The Air Quality Egg has been built using Arduino sensors and a custom air quality sensor “shield” (hardware module) created by the project team.
Five Air Quality Eggs are slated to be distributed in the Poble Nou neighborhood of Barcelona by uABureau. They will be hosted by uABureau volunteer sensemakers.
uABureau are also designing a data visualization to display readings in a novel interface. It uses images of the host sensemaker’s reactions to the air quality levels. Current air quality is shown by morphing the color and pixel size of the image. The data visualization would draw on readings from cosm’s sensor data dashboards and be maintained in realtime. By using local projections, or augmented reality, the results could be conveyed to other residents in the neighborhood. Some stumbling blocks still remain with using augmented reality to display data results in this way.

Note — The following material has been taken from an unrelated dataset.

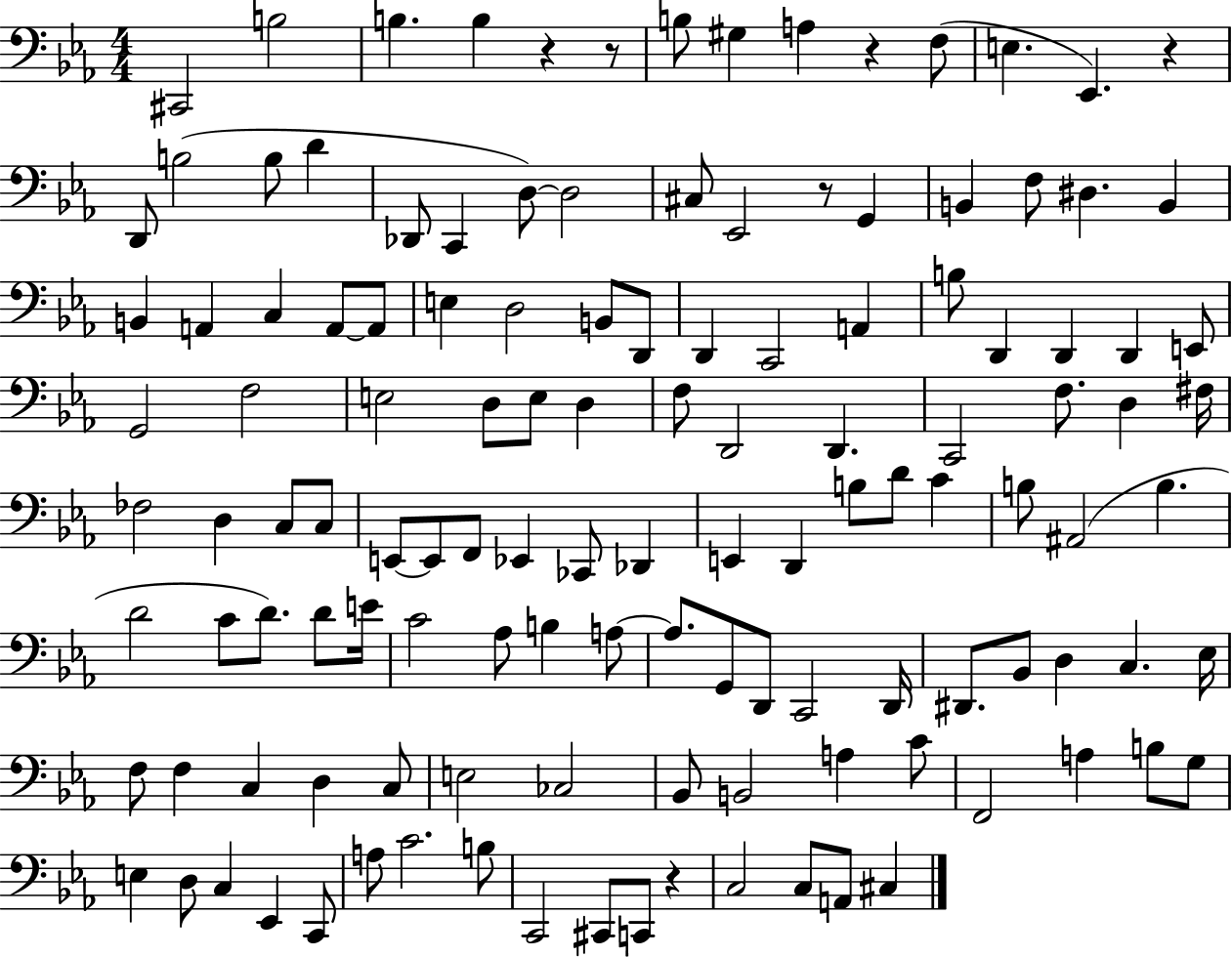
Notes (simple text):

C#2/h B3/h B3/q. B3/q R/q R/e B3/e G#3/q A3/q R/q F3/e E3/q. Eb2/q. R/q D2/e B3/h B3/e D4/q Db2/e C2/q D3/e D3/h C#3/e Eb2/h R/e G2/q B2/q F3/e D#3/q. B2/q B2/q A2/q C3/q A2/e A2/e E3/q D3/h B2/e D2/e D2/q C2/h A2/q B3/e D2/q D2/q D2/q E2/e G2/h F3/h E3/h D3/e E3/e D3/q F3/e D2/h D2/q. C2/h F3/e. D3/q F#3/s FES3/h D3/q C3/e C3/e E2/e E2/e F2/e Eb2/q CES2/e Db2/q E2/q D2/q B3/e D4/e C4/q B3/e A#2/h B3/q. D4/h C4/e D4/e. D4/e E4/s C4/h Ab3/e B3/q A3/e A3/e. G2/e D2/e C2/h D2/s D#2/e. Bb2/e D3/q C3/q. Eb3/s F3/e F3/q C3/q D3/q C3/e E3/h CES3/h Bb2/e B2/h A3/q C4/e F2/h A3/q B3/e G3/e E3/q D3/e C3/q Eb2/q C2/e A3/e C4/h. B3/e C2/h C#2/e C2/e R/q C3/h C3/e A2/e C#3/q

Community understanding of sensor technology and its’ potential use by local citizens is still limited. Projects like Air Quality Egg are being organized and implemented by technologists and Internet-of-Things enthusiasts and geeks who may not yet have networks with community groups or resident advocates. In many cities, the term “smart cities” is still fairly much rhetoric that is beyond the reach of local citizens. It is hoped that a project like Air Quality Egg will inspire local households to see the potential of hyperlocal realtime data and encourage greater use of sensor technologies for citizen engagement. This project is novel in creating an urban sensor infrastructure outside of the control of city authorities or large-scale private funding.